It is an object of embodiments of the present invention to provide polymer composite material structures with good properties and a good method for forming such polymer composite material structures.

The above objective is accomplished by a method and device according to the present invention.

It is an advantage of polymer composite material structures according to embodiments of the present invention that they show good electromagnetic interference (EMI) shielding properties and good electromagnetic absorbing properties notwithstanding the fact that they only have a low content of carbon based conductive materials.

Hence, polymer composite materials according to embodiments of the present invention are suitable for being used in electromagnetic interference shielding applications. For example, polymer composite material structures according to embodiments of the present invention can be used as electromagnetic interference shield in, for example, radio frequency systems.

In a first aspect of the present invention, a polymer composite material structure is provided which is e.g. suitable for being used in electromagnetic interference shielding. The polymer composite material structure comprises at least one layer of a foamed polymer composite material comprising: a foamed polymer matrix, and an amount of between 0.1 wt % and 6 wt %, for example between 0.5 wt % and 4 wt %, between 0.5 wt % and 2 wt % or between 0.5 wt % and 1 wt %, carbon based conductive loads dispersed in the foamed polymer matrix,
wherein the polymer composite material structure has a reflectivity between −5 dB and −20 dB, preferably between −10 dB and −20 dB and most preferably between −15 dB and −20 dB.

An advantage of the polymer composite material structure according to embodiments of the present invention is that a lower amount of carbon based conductive loads such as e.g. carbon nanotubes (CNTs) and/or carbon black (CB) particles, are required to obtain good reflecting and absorbing properties. Reflectivity is a negative measure for the absorbing properties of the composite material. The lower the reflectivity is, the better the absorbing properties of the polymer composite material structure can be. Good reflective and/or absorbing properties allow the polymer composite material structure according to embodiments of the present invention to be used as an electromagnetic interference shield in, for example, radio frequency systems. Furthermore, because of the low content of carbon based conductive loads required to obtain a polymer composite material structure with good reflecting and absorbing properties, the manufacturing of such polymer composite material structures has a lower cost and is easier to perform.

According to particular embodiments, the foamed polymer matrix may be an annealed foamed polymer matrix.

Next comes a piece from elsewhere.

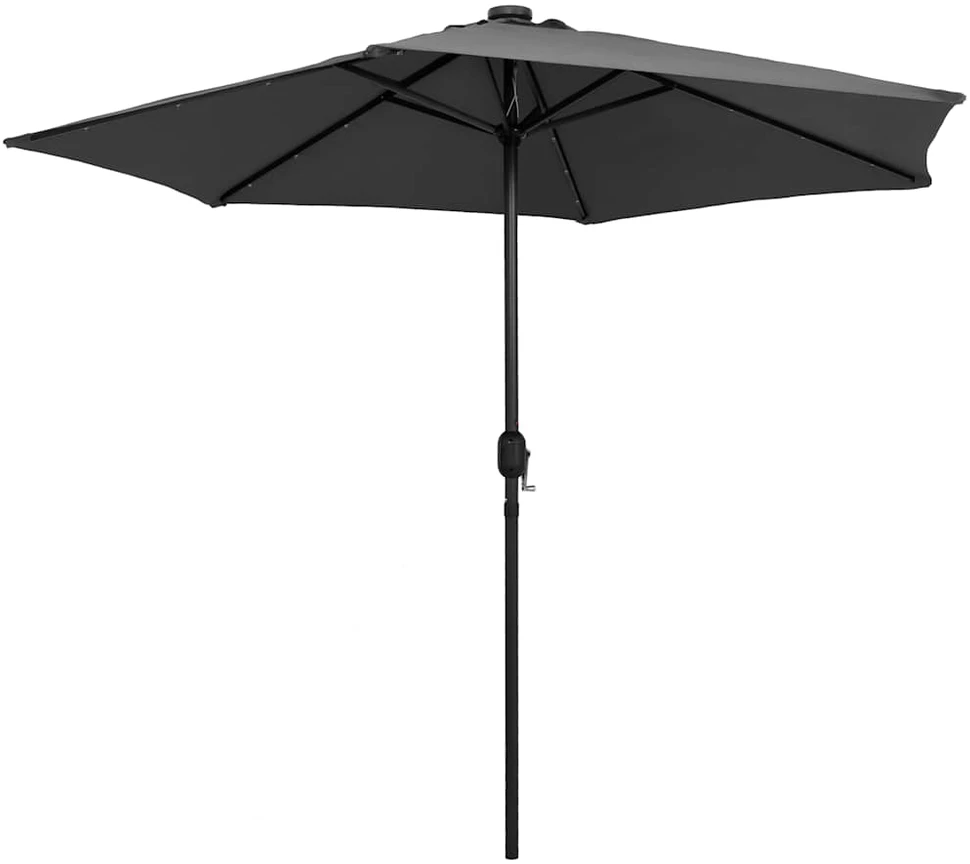 Sodo skėtis su LED ir aliuminio stulpu, antracito, 270cm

According to embodiments of the invention, the polymer composite material structure may comprise more than one layer of foamed polymer composite material as described above, to form a multilayered composite material structure. In particular embodiments, each of the layers of foamed polymer composite material may comprise a different content of carbon based conductive loads such that a concentration gradient of carbon based conductive loads or charges exists in the polymer composite material structure. An advantage of polymer composite material structures comprising such multilayer structures with a conductive load concentration gradient is that the good properties of the polymer composite material structures according to embodiments of the present invention as described above can be improved.

According to other embodiments of the invention, the polymer composite material structure may furthermore comprise at least one layer of a non-foamed or solid polymer composite material. In other words, according to these embodiments, the polymer composite material structure may comprise at least one layer of foamed polymer composite material and at least one layer of non-foamed or solid polymer composite material. The number of layers of foamed polymer composite materials does not need to be the same as the number of layers of non-foamed composite material.

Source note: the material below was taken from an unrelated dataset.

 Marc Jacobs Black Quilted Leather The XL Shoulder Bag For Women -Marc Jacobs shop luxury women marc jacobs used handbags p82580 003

The polymer composite material structure may have a shielding effectiveness of between 5 dB and 90 dB, for example between 40 dB and 90 dB, between 60 dB and 90 dB or between 70 dB and 90 dB.

As already mentioned, the polymer composite material structure according to embodiments of the invention is well-suited for use as electromagnetic interference shields in, for example, radio frequency systems, notwithstanding the fact that it comprises only a low amount, i.e. between 0.1 wt % and 6 wt % of carbon based conductive loads.

According to particular embodiments of the invention, the carbon based conductive loads may comprise carbon nanotubes (CNTs). CNTs have an interesting combination of properties, i.e. a combination of lightness, hardness, elasticity, chemical resistance, thermal conductivity and, according to their molecular symmetry, electric conductivity, which is higher than the electric conductivity of copper. Because of that they are a very good candidate to be used as carbon based conductive loads in the polymer composite material structure according to embodiments of the present invention.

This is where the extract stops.